ABSTRACT
Objective:
To validate the predictive
power of newly developed
magnetic resonance (MR) morphological and clinicopathological
risk models in predicting
low anterior resection syndrome (LARS) 6 months after anterior resection of middle and low
rectal cancer (MLRC).
Methods:
From May 2018 to January 2021, 236
patients with MLRC admitted to two
hospitals (internal and external validation) were included. MR images, clinicopathological data, and LARS scores (LARSS) were collected.

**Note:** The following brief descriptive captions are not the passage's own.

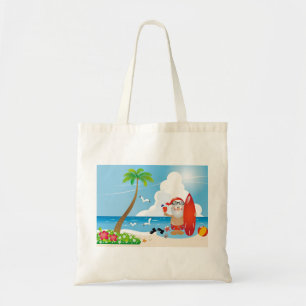 Bolso De Tela surfer santa claus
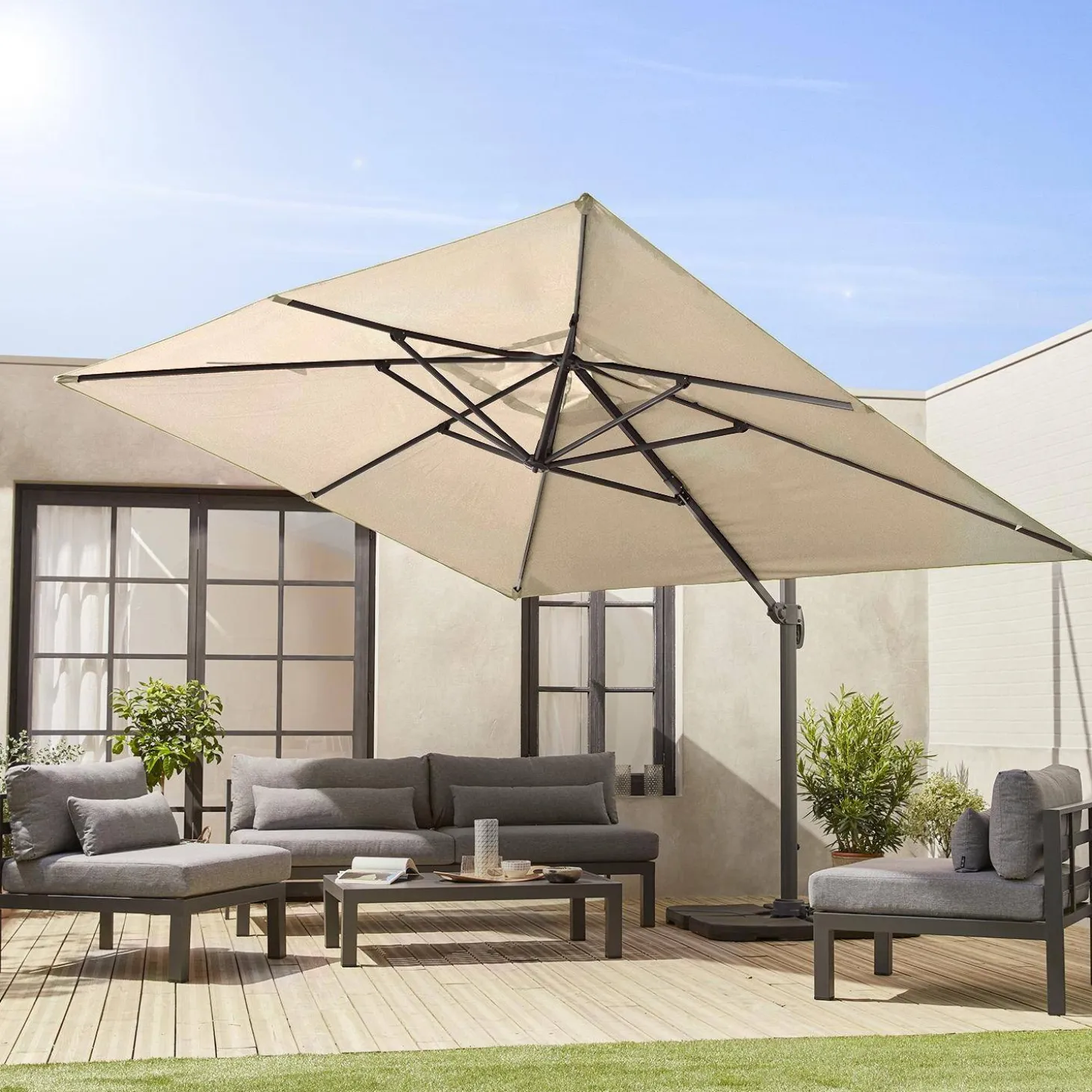 Parasol rectangular excéntrico, 3x4m + losas 50x50cm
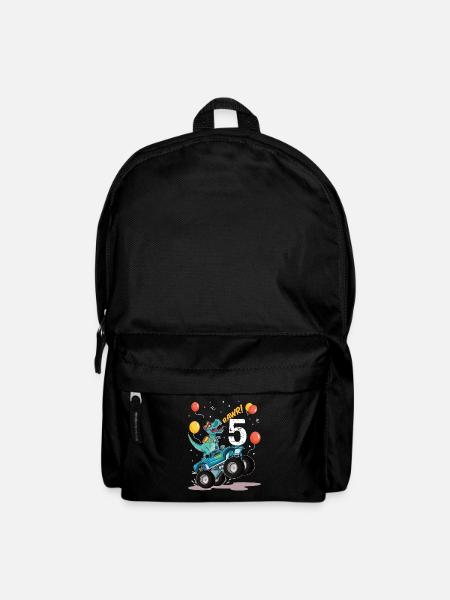 5.Geburtstag 5 Jahre Dinosaurier Monster Truck - Rucksack - Schwarz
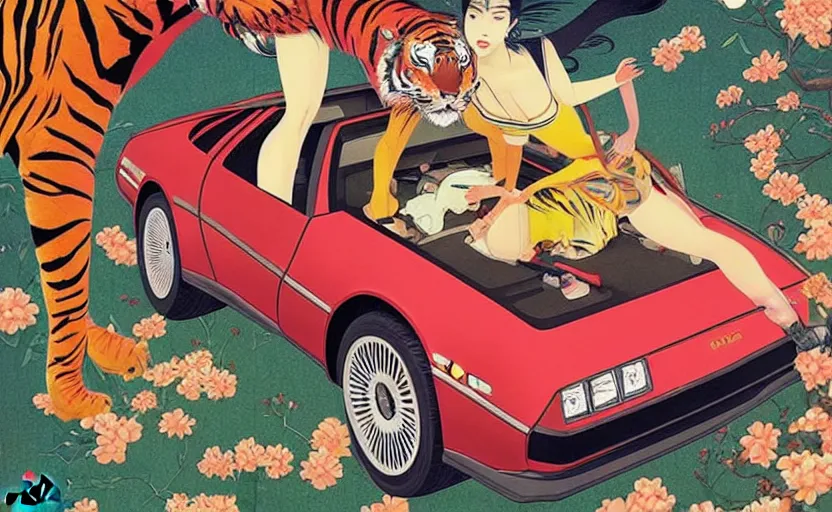 Image similar to a red delorean and a yellow tiger, art by hsiao - ron cheng and utagawa kunisada, magazine collage, # e 5 3 7 1 b, # e 4 e 6 2 0, # de 9 5 f 0,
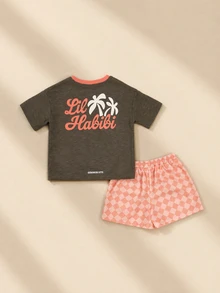 SUMWON Boys Summer Co-Ord Set Lil Habibi Graphic Tee With Checkerboard Shorts Crew Neck Short Sleeve Two-Piece Outfit - Multicolor - View 1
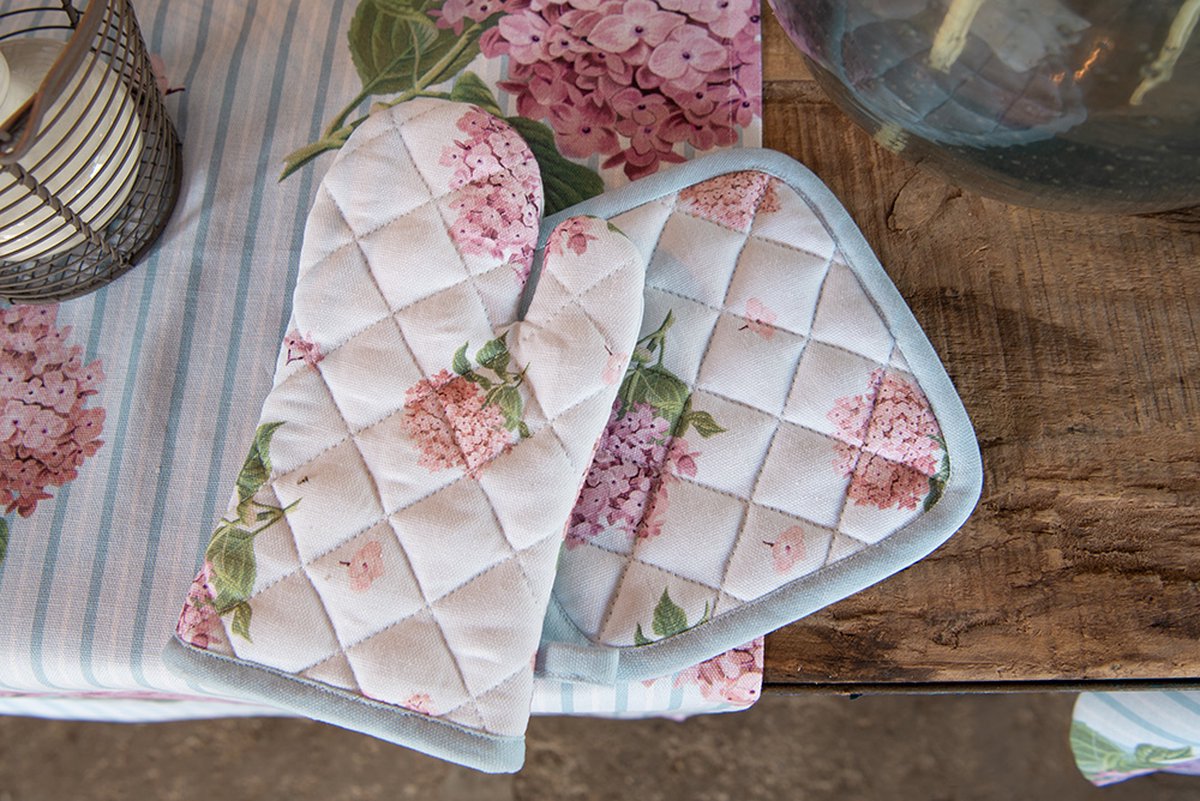 Clayre & Eef Tafelkleed 100x100 cm Blauw Roze Katoen Vierkant Hortensia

Tumor morphology data included longitudinal involvement length, maximum
tumor diameter, proportion of
tumor to circumference of the intestinal wall,
tumor mesorectal infiltration depth, circumferential margin status, and distance between the
tumor and anal margins. Pelvic measurements included anorectal angle, mesenterial volume (MRV), and pelvic volume. Univariate and multivariate
logistic regression was used to obtain independent
risk factors of LARS after anterior resection Then, the prediction model was constructed, expressed as a
nomogram, and its internal and external validity was assessed using
receiver operating characteristic curves.
Results:
The uni- and
multivariate analysis revealed distance between the
tumor and anal margins, MRV, pelvic volume, and
body weight as significant independent
risk factors for predicting LARS. From the
nomogram, the area under the curve (
AUC),
sensitivity, and
specificity were 0.835, 75.0 %, and 80.4 %, respectively. The
AUC,
sensitivity, and
specificity in the external validation group were 0.874, 83.3 %, and 91.7 %, respectively.
Conclusion:
This study shows that MR imaging and clinicopathology presented by a
nomogram can strongly predict LARSS, which can then individually predict LARS 6 months after anterior resection in
patients with MLRC and facilitate
clinical decision-making.
Clinical relevance statement We believe that our study makes a significant contribution to the
literature. This
method of predicting postoperative anorectal function by preoperative measurement of MRV provides a new tool for clinicians to study LARS.